The result should hold only the lines from the one with "Treasures await at" through the final line of the data below, transcribed exactly, pictures left out.

- _DATASET CONTENT_:
"""

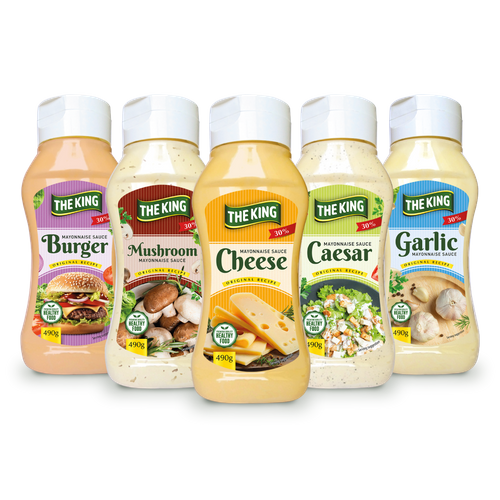 Mayo Sauces 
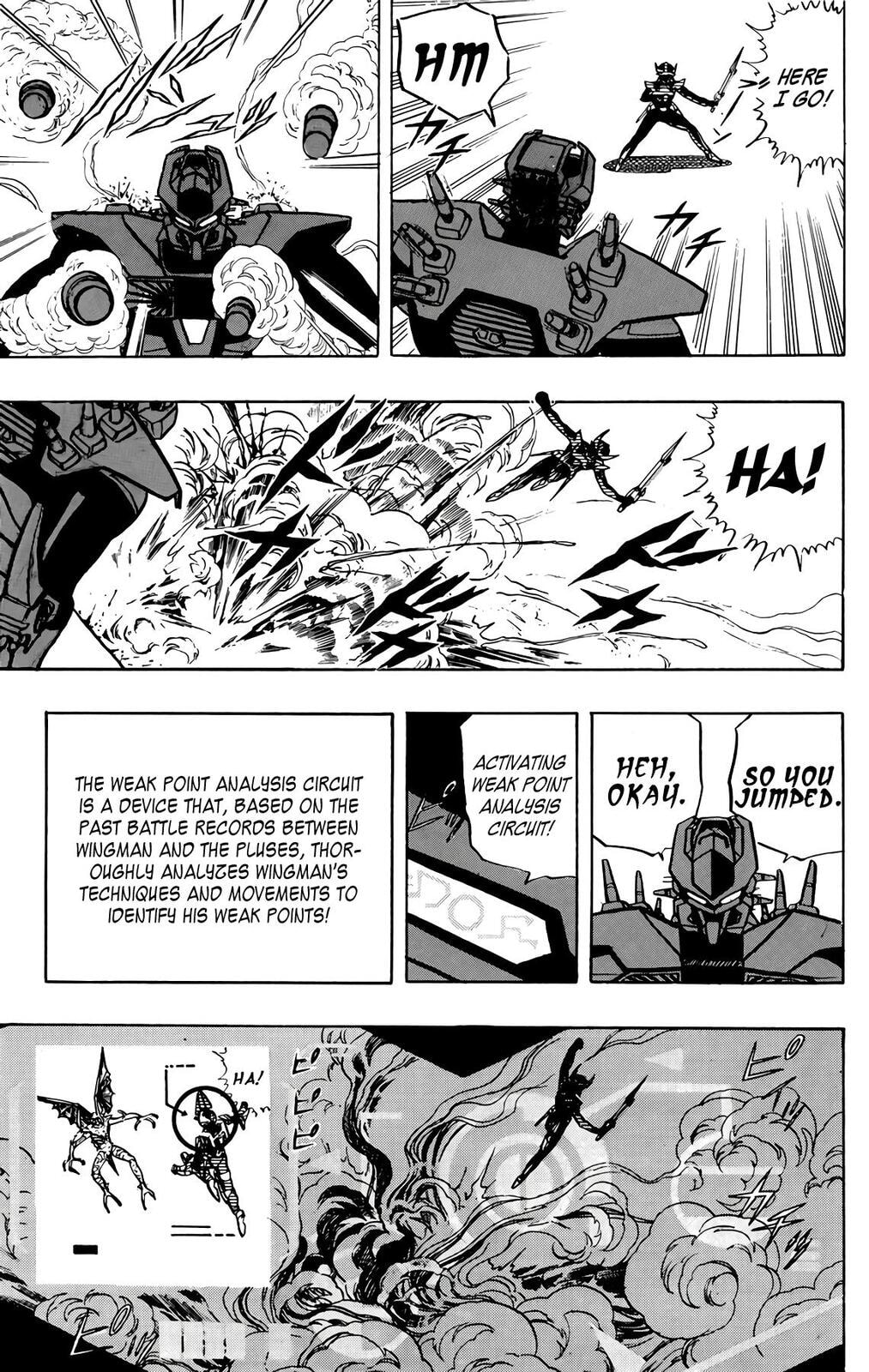 Read Wingman chapter 77 image 50 on Lezhin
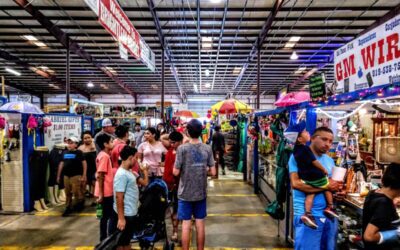 Treasures await at these 9 indoor flea markets across North Carolina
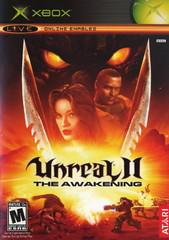 Unreal II The Awakening Xbox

"""

- _EXERCISE SOLUTION_:
 Treasures await at these 9 indoor flea markets across North Carolina
 Unreal II The Awakening Xbox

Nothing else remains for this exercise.